Image-caption web data:
▬▬▬

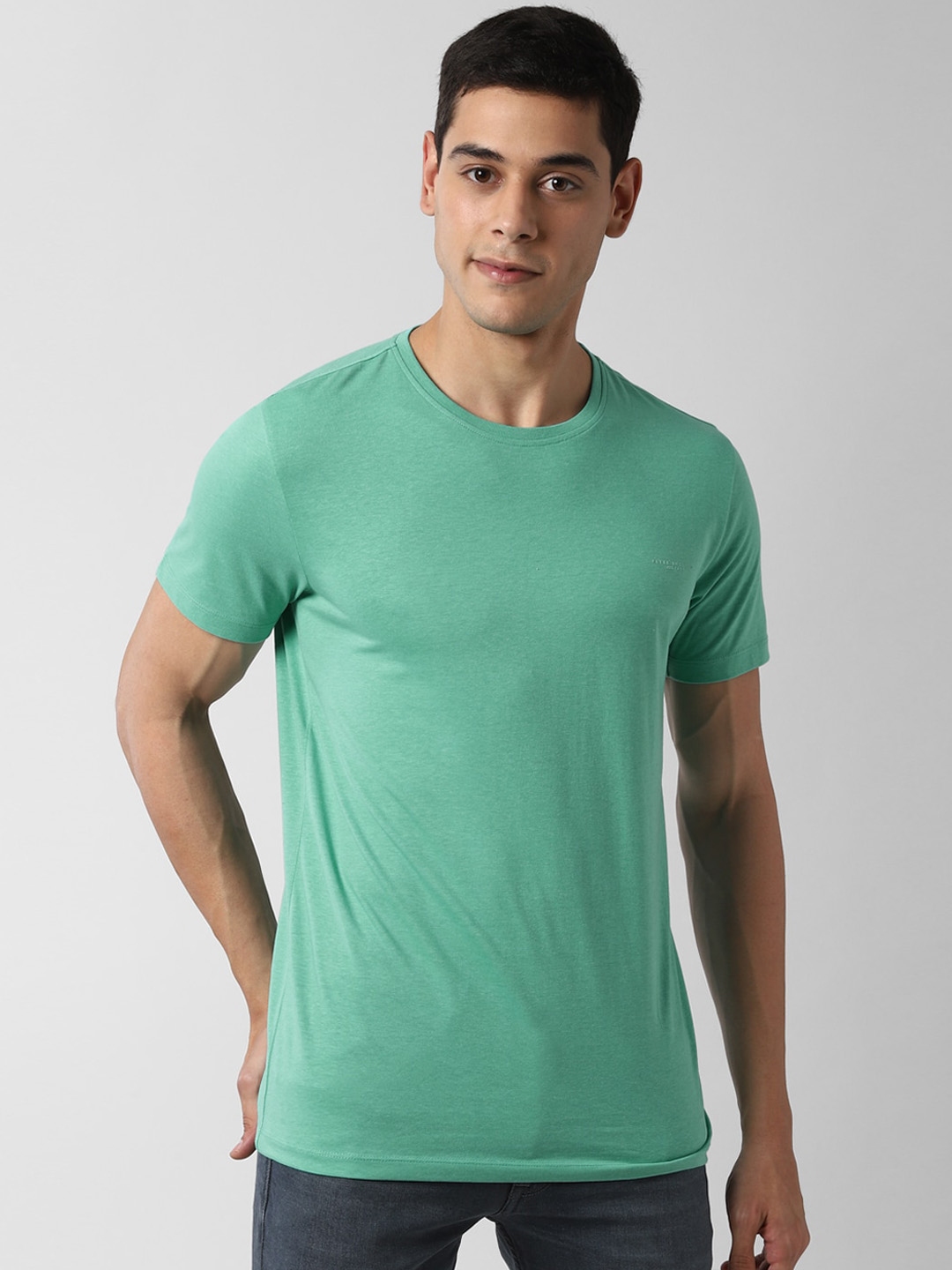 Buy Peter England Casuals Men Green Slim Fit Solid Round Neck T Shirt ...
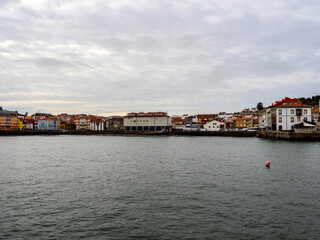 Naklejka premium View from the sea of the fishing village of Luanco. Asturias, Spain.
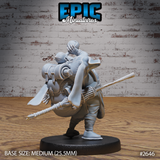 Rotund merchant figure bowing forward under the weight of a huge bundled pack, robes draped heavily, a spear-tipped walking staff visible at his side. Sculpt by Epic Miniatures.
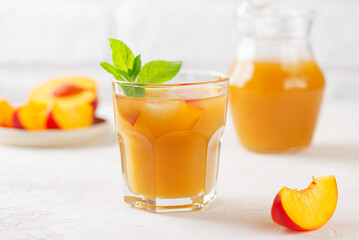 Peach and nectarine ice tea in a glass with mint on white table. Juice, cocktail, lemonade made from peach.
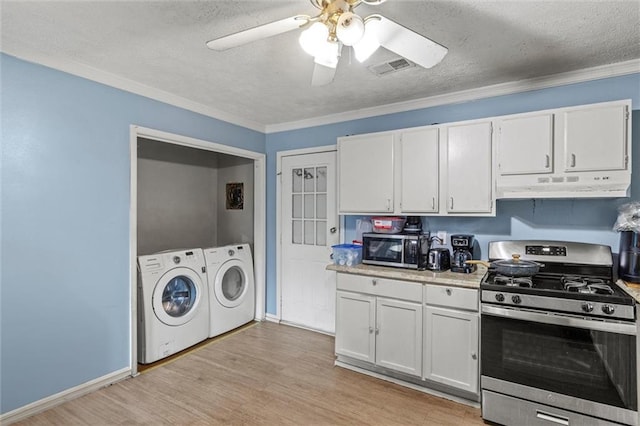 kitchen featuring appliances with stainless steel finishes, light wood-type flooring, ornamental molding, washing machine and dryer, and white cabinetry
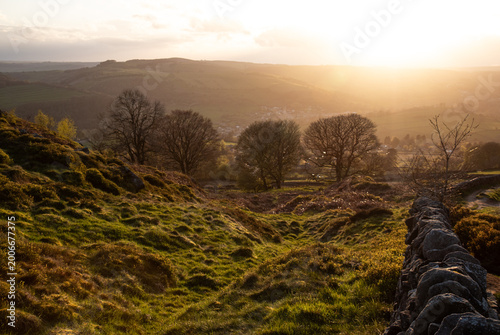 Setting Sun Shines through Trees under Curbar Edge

▬▬▬

• Task requirements: Return each of the lines exactly as they appear above, with no images.

• Solution:
 Buy Peter England Casuals Men Green Slim Fit Solid Round Neck T Shirt ...
 Naklejka premium View from the sea of the fishing village of Luanco. Asturias, Spain.
 Rotund merchant figure bowing forward under the weight of a huge bundled pack, robes draped heavily, a spear-tipped walking staff visible at his side. Sculpt by Epic Miniatures.
 Peach and nectarine ice tea in a glass with mint on white table. Juice, cocktail, lemonade made from peach.
 kitchen featuring appliances with stainless steel finishes, light wood-type flooring, ornamental molding, washing machine and dryer, and white cabinetry
 Setting Sun Shines through Trees under Curbar Edge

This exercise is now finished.